_PROBLEM REQUIREMENTS:_ Find every line in the records below that contains "Modern", and copy it.

[Stored items from a collection]
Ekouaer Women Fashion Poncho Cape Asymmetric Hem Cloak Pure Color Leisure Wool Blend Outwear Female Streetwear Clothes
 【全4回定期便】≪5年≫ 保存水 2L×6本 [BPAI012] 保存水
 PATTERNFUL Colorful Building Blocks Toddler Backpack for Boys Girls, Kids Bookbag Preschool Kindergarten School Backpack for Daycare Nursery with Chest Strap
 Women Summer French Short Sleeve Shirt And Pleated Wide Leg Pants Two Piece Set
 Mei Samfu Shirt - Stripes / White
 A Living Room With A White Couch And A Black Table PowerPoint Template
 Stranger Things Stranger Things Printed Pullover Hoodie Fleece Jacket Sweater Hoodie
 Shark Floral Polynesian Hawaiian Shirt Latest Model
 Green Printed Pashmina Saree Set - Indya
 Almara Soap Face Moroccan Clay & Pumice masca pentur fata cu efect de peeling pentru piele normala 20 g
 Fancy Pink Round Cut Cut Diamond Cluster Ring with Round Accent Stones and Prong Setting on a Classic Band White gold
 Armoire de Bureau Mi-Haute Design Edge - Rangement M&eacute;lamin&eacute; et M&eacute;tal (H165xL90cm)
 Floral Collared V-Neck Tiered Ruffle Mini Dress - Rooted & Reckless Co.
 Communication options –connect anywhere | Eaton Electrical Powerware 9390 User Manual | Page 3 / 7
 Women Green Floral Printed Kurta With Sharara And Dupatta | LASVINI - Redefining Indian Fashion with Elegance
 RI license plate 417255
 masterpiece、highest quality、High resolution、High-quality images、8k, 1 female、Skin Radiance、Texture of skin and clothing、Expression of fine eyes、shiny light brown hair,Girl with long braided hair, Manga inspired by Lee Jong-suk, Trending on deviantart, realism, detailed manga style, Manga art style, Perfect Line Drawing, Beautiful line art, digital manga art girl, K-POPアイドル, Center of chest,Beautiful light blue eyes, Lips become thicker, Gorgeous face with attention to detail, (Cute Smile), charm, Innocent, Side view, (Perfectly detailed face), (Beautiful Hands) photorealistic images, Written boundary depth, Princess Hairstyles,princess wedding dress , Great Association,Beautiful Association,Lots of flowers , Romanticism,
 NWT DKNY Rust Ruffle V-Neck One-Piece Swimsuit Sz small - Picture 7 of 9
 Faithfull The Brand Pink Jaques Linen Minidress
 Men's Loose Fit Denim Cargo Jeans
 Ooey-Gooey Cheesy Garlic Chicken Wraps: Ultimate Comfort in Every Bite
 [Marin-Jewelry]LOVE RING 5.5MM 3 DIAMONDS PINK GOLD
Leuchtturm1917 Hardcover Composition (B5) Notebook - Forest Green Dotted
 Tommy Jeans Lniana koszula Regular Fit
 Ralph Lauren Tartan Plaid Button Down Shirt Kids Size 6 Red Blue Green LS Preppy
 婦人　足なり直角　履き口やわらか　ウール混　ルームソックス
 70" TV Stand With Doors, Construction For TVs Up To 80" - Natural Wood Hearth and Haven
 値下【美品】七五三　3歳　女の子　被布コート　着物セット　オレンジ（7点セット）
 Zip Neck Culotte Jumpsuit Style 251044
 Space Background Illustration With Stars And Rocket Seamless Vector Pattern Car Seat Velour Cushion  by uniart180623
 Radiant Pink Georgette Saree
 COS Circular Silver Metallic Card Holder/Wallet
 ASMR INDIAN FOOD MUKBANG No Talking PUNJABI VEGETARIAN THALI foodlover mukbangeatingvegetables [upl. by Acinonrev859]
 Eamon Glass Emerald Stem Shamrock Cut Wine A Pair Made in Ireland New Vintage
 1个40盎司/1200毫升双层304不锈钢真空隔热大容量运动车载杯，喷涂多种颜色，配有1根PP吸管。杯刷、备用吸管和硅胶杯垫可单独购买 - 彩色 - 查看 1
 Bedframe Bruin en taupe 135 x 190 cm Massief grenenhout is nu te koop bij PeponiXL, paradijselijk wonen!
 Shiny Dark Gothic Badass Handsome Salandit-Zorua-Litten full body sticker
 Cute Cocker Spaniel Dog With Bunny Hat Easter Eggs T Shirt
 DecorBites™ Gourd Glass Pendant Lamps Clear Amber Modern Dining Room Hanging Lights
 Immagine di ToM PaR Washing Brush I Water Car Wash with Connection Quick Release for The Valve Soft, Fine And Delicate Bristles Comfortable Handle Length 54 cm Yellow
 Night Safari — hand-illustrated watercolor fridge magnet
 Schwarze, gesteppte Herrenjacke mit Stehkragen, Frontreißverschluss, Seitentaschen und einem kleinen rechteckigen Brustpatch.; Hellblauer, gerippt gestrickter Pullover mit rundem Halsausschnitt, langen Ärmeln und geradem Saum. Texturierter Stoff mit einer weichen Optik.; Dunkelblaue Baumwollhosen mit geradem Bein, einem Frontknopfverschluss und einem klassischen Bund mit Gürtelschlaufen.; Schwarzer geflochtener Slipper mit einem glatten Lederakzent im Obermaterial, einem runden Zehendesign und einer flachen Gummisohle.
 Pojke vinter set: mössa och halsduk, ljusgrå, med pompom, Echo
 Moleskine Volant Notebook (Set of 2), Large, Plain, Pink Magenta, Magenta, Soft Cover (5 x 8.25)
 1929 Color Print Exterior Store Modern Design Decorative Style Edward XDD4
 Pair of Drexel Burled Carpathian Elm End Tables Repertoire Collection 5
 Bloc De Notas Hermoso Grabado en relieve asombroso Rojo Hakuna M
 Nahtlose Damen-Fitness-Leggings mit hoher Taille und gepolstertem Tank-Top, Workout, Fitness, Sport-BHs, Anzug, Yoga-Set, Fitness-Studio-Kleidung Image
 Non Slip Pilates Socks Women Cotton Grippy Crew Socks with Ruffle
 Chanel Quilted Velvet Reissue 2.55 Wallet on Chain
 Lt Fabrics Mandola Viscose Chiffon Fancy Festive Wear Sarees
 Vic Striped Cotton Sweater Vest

_REPLY TO THE TASK:_
 DecorBites™ Gourd Glass Pendant Lamps Clear Amber Modern Dining Room Hanging Lights
 1929 Color Print Exterior Store Modern Design Decorative Style Edward XDD4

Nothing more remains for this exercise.